She’d agreed to Glen’s request, and Ty had been brought up to be God-fearing, honorable, and polite to women. He’d been thinking of heading over to Ault or Fort Collins for a few drinks and a good time tomorrow night, but going to the dance wouldn’t be so awful, not even with the owlish Miss Willoughby. He’d certainly suffered through worse Friday nights, and he was sure he’d had worse dates.
He gave her another quick glance. Well, he was pre
tty sure anyway. He hoped she didn’t talk about her dead husband all night.
“Glad to help out, Glen.” He shook the other man’s hand and turned to his son’s science teacher.
“Miss Willoughby, I’ll pick you up about five-thirty, if that’s okay. The dances always start at six, and that’ll give us enough time to make sure the sound system is set up.”
She gave him a blank look, which pretty much mirrored his own level of enthusiasm, regardless of her nice ankles. Chaperoning a bunch of junior high school kids didn’t make for many opportunities to admire a woman’s legs.
“It’s been real nice meeting you, ma’am,” he added, and touched the brim of his hat, making his getaway before the principal came up with any more ideas.
Victoria was stunned. Mr. Frazer shook her hand one more time, but she barely noticed. She had a date. It was the most ridiculous thing that had ever happened to her. She’d never had a date in her life. Charles had taken her out to dinner the night he’d proposed, but the occasion had hardly seemed like a date. They’d been eating dinner together since her childhood, and after her father had died, it had usually been just the two of them anyway.
But this was different. She had a date with a male of the subspecies Western americanus cowboyius, and she wasn’t at all sure she was up to it.
Two
“Ridiculous,” Victoria muttered, hanging up the phone for the hundredth time. Ty Garrett’s phone number had been reduced to a smear of ink on the paper clutched in her hand, but that was the least of her problems. She’d memorized his phone number hours before.
She glanced down at her dress, a blowsy silk thing she’d never been sure looked right on her. The dress had been expensive—all of her clothes were—but this particular piece of her wardrobe was flouncy and bouncy, not at all her usual more tailored style. The colors seemed all right, white with orange poppies outlined in black, and a beige trellis pattern splashed willy-nilly in the background. She still kept getting the feeling the dress would look better on someone taller.
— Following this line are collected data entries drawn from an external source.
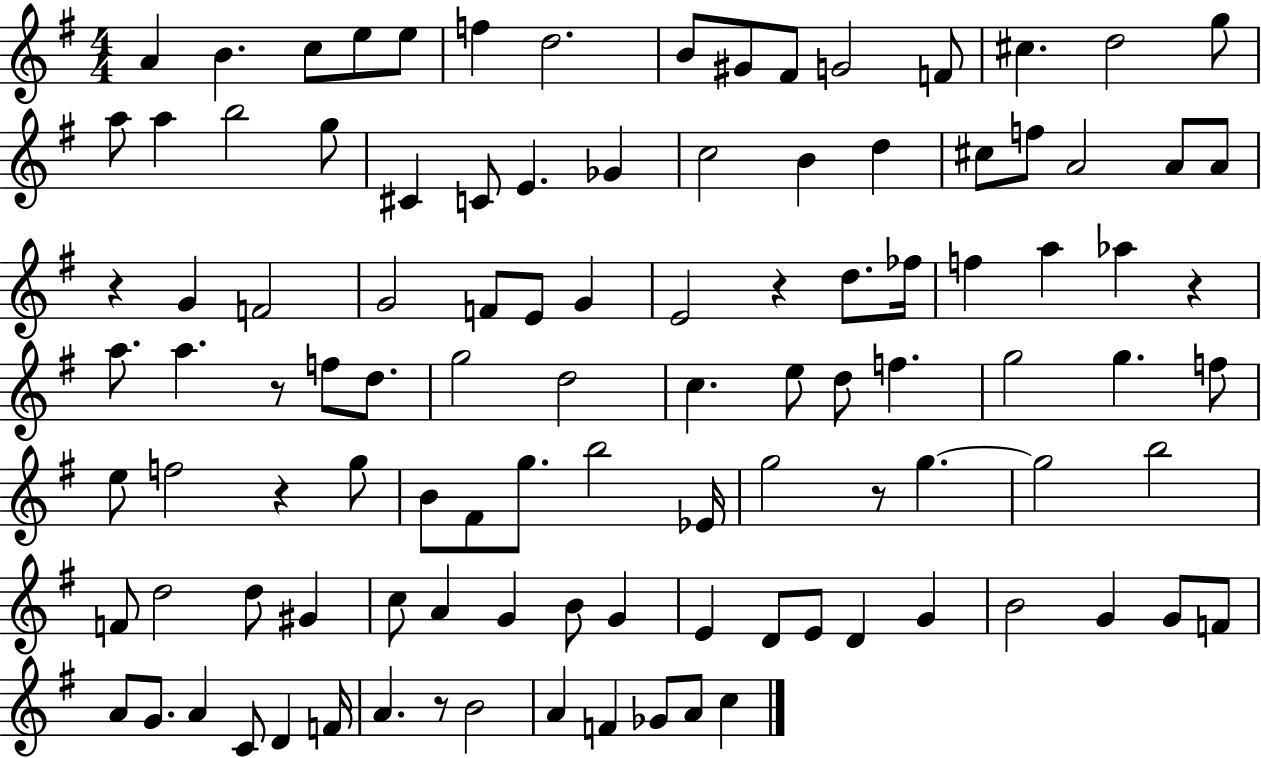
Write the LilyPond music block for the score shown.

{
  \clef treble
  \numericTimeSignature
  \time 4/4
  \key g \major
  a'4 b'4. c''8 e''8 e''8 | f''4 d''2. | b'8 gis'8 fis'8 g'2 f'8 | cis''4. d''2 g''8 | \break a''8 a''4 b''2 g''8 | cis'4 c'8 e'4. ges'4 | c''2 b'4 d''4 | cis''8 f''8 a'2 a'8 a'8 | \break r4 g'4 f'2 | g'2 f'8 e'8 g'4 | e'2 r4 d''8. fes''16 | f''4 a''4 aes''4 r4 | \break a''8. a''4. r8 f''8 d''8. | g''2 d''2 | c''4. e''8 d''8 f''4. | g''2 g''4. f''8 | \break e''8 f''2 r4 g''8 | b'8 fis'8 g''8. b''2 ees'16 | g''2 r8 g''4.~~ | g''2 b''2 | \break f'8 d''2 d''8 gis'4 | c''8 a'4 g'4 b'8 g'4 | e'4 d'8 e'8 d'4 g'4 | b'2 g'4 g'8 f'8 | \break a'8 g'8. a'4 c'8 d'4 f'16 | a'4. r8 b'2 | a'4 f'4 ges'8 a'8 c''4 | \bar "|."
}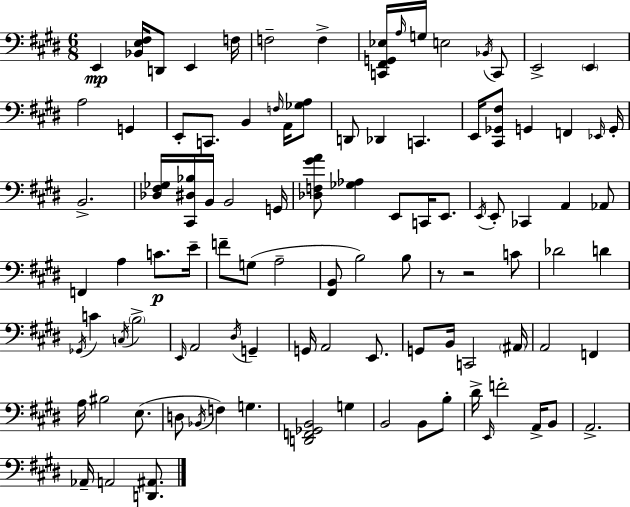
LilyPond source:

{
  \clef bass
  \numericTimeSignature
  \time 6/8
  \key e \major
  e,4\mp <bes, e fis>16 d,8 e,4 f16 | f2-- f4-> | <c, fis, g, ees>16 \grace { a16 } g16 e2 \acciaccatura { bes,16 } | c,8 e,2-> \parenthesize e,4 | \break a2 g,4 | e,8-. c,8. b,4 \grace { f16 } | a,16 <ges a>8 d,8 des,4 c,4. | e,16 <cis, ges, fis>8 g,4 f,4 | \break \grace { ees,16 } g,16-. b,2.-> | <des fis ges>16 <cis, dis bes>16 b,16 b,2 | g,16 <des f gis' a'>8 <ges aes>4 e,8 | c,16 e,8. \acciaccatura { e,16 } e,8-. ces,4 a,4 | \break aes,8 f,4 a4 | c'8.\p e'16-- f'8-- g8( a2-- | <fis, b,>8 b2) | b8 r8 r2 | \break c'8 des'2 | d'4 \acciaccatura { ges,16 } c'4 \acciaccatura { c16 } \parenthesize b2-> | \grace { e,16 } a,2 | \acciaccatura { dis16 } g,4-- g,16 a,2 | \break e,8. g,8 b,16 | c,2 \parenthesize ais,16 a,2 | f,4 a16 bis2 | e8.( d8 \acciaccatura { bes,16 } | \break f4) g4. <d, f, ges, b,>2 | g4 b,2 | b,8 b8-. dis'16-> \grace { e,16 } | f'2-. a,16-> b,8 a,2.-> | \break aes,16-- | a,2 <d, ais,>8. \bar "|."
}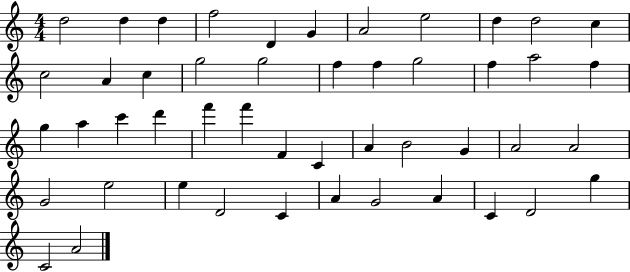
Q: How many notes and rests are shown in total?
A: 48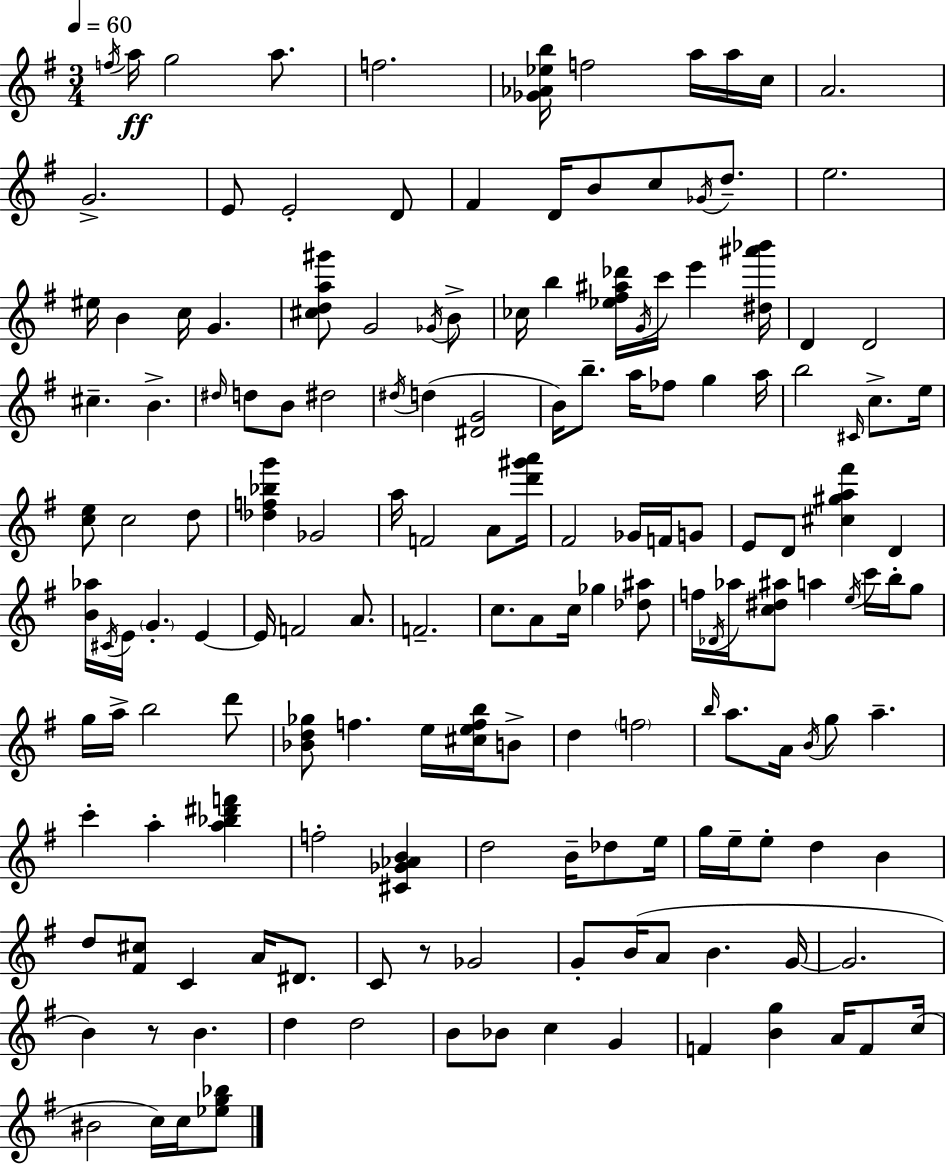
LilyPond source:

{
  \clef treble
  \numericTimeSignature
  \time 3/4
  \key g \major
  \tempo 4 = 60
  \acciaccatura { f''16 }\ff a''16 g''2 a''8. | f''2. | <ges' aes' ees'' b''>16 f''2 a''16 a''16 | c''16 a'2. | \break g'2.-> | e'8 e'2-. d'8 | fis'4 d'16 b'8 c''8 \acciaccatura { ges'16 } d''8.-- | e''2. | \break eis''16 b'4 c''16 g'4. | <cis'' d'' a'' gis'''>8 g'2 | \acciaccatura { ges'16 } b'8-> ces''16 b''4 <ees'' fis'' ais'' des'''>16 \acciaccatura { g'16 } c'''16 e'''4 | <dis'' ais''' bes'''>16 d'4 d'2 | \break cis''4.-- b'4.-> | \grace { dis''16 } d''8 b'8 dis''2 | \acciaccatura { dis''16 } d''4( <dis' g'>2 | b'16) b''8.-- a''16 fes''8 | \break g''4 a''16 b''2 | \grace { cis'16 } c''8.-> e''16 <c'' e''>8 c''2 | d''8 <des'' f'' bes'' g'''>4 ges'2 | a''16 f'2 | \break a'8 <d''' gis''' a'''>16 fis'2 | ges'16 f'16 g'8 e'8 d'8 <cis'' gis'' a'' fis'''>4 | d'4 <b' aes''>16 \acciaccatura { cis'16 } e'16 \parenthesize g'4.-. | e'4~~ e'16 f'2 | \break a'8. f'2.-- | c''8. a'8 | c''16 ges''4 <des'' ais''>8 f''16 \acciaccatura { des'16 } aes''16 <c'' dis'' ais''>8 | a''4 \acciaccatura { e''16 } c'''16 b''16-. g''8 g''16 a''16-> | \break b''2 d'''8 <bes' d'' ges''>8 | f''4. e''16 <cis'' e'' f'' b''>16 b'8-> d''4 | \parenthesize f''2 \grace { b''16 } a''8. | a'16 \acciaccatura { b'16 } g''8 a''4.-- | \break c'''4-. a''4-. <a'' bes'' dis''' f'''>4 | f''2-. <cis' ges' aes' b'>4 | d''2 b'16-- des''8 e''16 | g''16 e''16-- e''8-. d''4 b'4 | \break d''8 <fis' cis''>8 c'4 a'16 dis'8. | c'8 r8 ges'2 | g'8-. b'16( a'8 b'4. g'16~~ | g'2. | \break b'4) r8 b'4. | d''4 d''2 | b'8 bes'8 c''4 g'4 | f'4 <b' g''>4 a'16 f'8 c''16( | \break bis'2 c''16) c''16 <ees'' g'' bes''>8 | \bar "|."
}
She needed to call Mr. Garrett and make a polite excuse for that night. He could probably handle forty-three junior high school students with one arm tied behind his back. He didn’t need her help. He probably didn’t want her help. She was sure he wasn’t looking forward to her company any more than she was looking forward to his. They didn’t even know each other. What in the world had Mr. Frazer been thinking to pair them as chaperones? It must be obvious to even the most untrained eye that they had absolutely nothing in common.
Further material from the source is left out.